* [Instructions to follow]
Starting at the line below holding "Advanced Joining Technologies" and stopping at the line holding "Ne hajtsanak be", print every line exactly, both ends included, and leave the rest out.

* [Short web captions]

--------------------------------

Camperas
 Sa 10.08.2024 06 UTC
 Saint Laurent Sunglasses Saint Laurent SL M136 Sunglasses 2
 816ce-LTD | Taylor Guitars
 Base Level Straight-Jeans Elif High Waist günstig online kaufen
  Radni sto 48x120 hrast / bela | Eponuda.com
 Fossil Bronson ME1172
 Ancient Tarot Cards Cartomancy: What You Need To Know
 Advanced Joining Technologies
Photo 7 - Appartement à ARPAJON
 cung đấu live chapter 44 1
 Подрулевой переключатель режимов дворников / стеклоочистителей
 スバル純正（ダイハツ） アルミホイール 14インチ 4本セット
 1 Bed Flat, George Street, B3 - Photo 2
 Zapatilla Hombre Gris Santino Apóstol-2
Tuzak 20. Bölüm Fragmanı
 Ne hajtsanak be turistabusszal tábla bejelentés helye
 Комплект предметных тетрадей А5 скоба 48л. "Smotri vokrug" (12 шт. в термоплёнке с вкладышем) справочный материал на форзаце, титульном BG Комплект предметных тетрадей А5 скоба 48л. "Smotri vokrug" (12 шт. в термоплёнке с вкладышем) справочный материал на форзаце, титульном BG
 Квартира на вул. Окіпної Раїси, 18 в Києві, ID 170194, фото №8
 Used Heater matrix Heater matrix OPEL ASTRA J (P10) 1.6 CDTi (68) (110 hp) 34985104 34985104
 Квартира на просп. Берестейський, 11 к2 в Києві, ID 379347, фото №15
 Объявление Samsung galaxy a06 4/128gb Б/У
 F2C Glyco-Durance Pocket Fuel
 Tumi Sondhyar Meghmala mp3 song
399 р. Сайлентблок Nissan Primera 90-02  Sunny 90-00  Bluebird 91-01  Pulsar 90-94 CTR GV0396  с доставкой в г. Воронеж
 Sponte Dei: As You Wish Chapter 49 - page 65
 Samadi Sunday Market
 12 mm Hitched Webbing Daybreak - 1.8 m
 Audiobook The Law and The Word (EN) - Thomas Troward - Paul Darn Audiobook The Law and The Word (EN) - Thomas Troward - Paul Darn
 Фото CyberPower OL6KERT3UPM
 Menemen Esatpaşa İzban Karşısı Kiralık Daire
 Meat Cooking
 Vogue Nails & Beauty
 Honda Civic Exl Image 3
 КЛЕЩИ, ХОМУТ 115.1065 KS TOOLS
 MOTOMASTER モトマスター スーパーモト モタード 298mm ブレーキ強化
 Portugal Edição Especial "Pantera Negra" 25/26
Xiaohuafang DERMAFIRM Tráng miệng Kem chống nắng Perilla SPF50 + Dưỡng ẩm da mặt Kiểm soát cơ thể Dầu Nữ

--------------------------------

* [Completed task]
 Advanced Joining Technologies
Photo 7 - Appartement à ARPAJON
 cung đấu live chapter 44 1
 Подрулевой переключатель режимов дворников / стеклоочистителей
 スバル純正（ダイハツ） アルミホイール 14インチ 4本セット
 1 Bed Flat, George Street, B3 - Photo 2
 Zapatilla Hombre Gris Santino Apóstol-2
Tuzak 20. Bölüm Fragmanı
 Ne hajtsanak be turistabusszal tábla bejelentés helye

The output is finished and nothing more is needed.